• YOUR OBJECTIVE
Repeat every record exactly, but omit the images.

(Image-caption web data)
===============
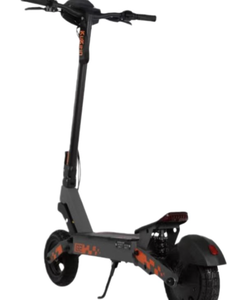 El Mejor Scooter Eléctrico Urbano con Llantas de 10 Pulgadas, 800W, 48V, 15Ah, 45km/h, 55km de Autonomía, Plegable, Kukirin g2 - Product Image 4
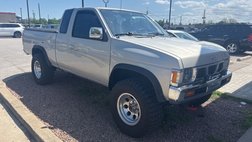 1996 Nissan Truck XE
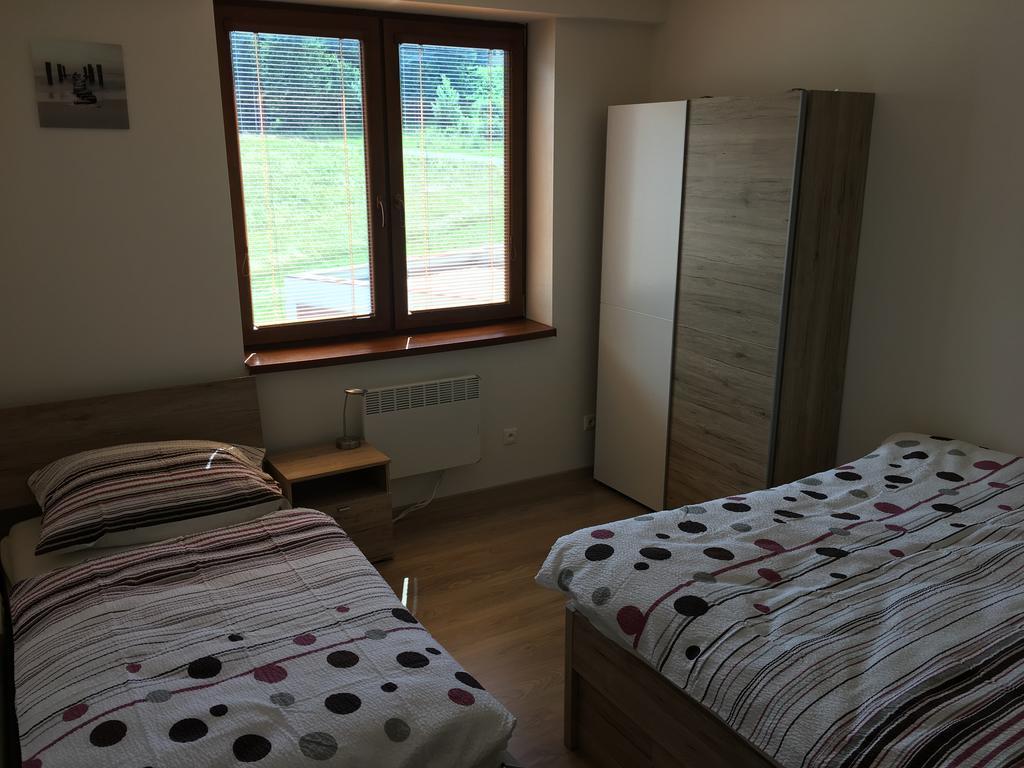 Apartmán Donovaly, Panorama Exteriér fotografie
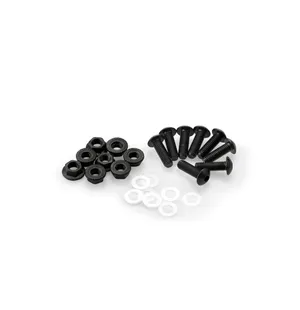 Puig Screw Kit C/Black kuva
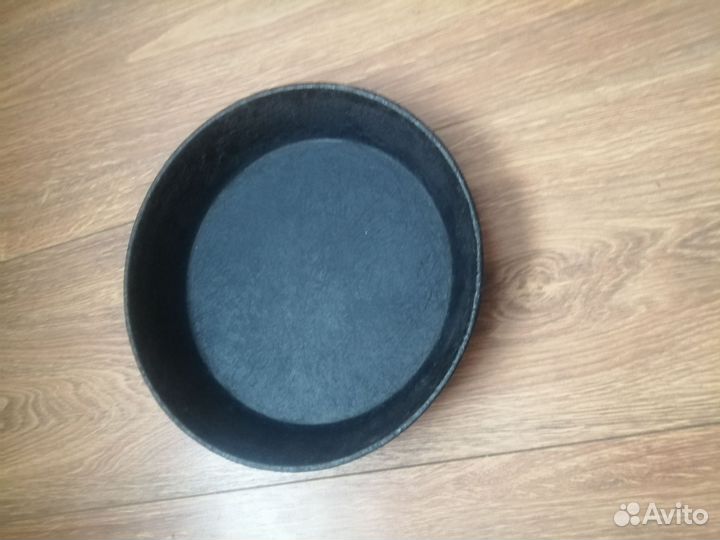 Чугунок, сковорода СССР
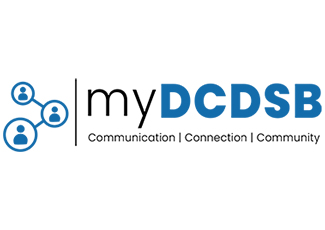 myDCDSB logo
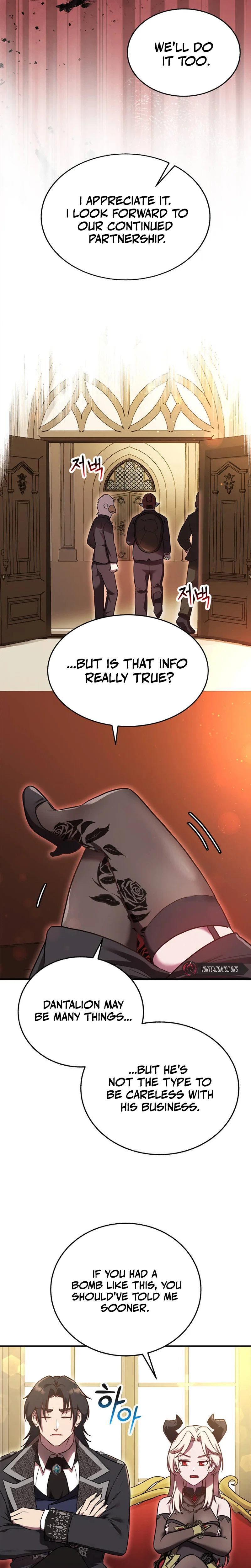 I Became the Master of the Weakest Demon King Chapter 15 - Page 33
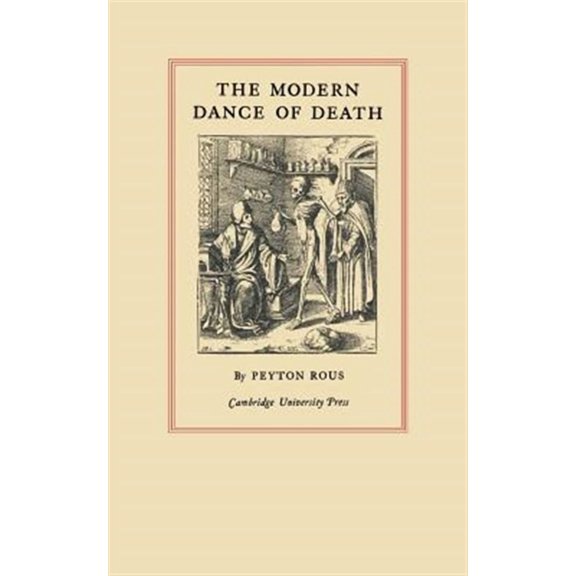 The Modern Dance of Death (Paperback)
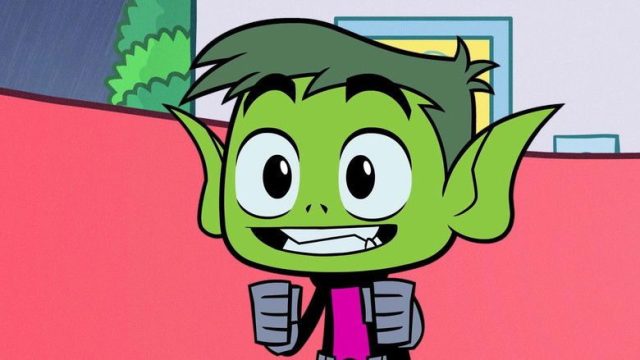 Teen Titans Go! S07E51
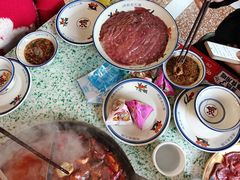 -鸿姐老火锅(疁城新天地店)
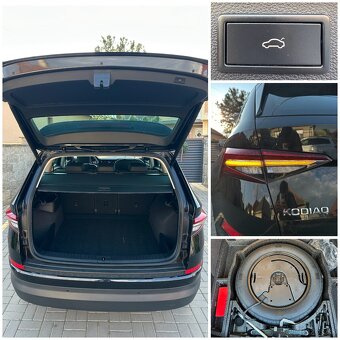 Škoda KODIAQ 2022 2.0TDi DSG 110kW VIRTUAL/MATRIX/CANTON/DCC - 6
===============
• WRITTEN REPLY
 El Mejor Scooter Eléctrico Urbano con Llantas de 10 Pulgadas, 800W, 48V, 15Ah, 45km/h, 55km de Autonomía, Plegable, Kukirin g2 - Product Image 4
 1996 Nissan Truck XE
 Apartmán Donovaly, Panorama Exteriér fotografie
 Puig Screw Kit C/Black kuva
 Чугунок, сковорода СССР
 myDCDSB logo
 I Became the Master of the Weakest Demon King Chapter 15 - Page 33
 The Modern Dance of Death (Paperback)
 Teen Titans Go! S07E51
 -鸿姐老火锅(疁城新天地店)
 Škoda KODIAQ 2022 2.0TDi DSG 110kW VIRTUAL/MATRIX/CANTON/DCC - 6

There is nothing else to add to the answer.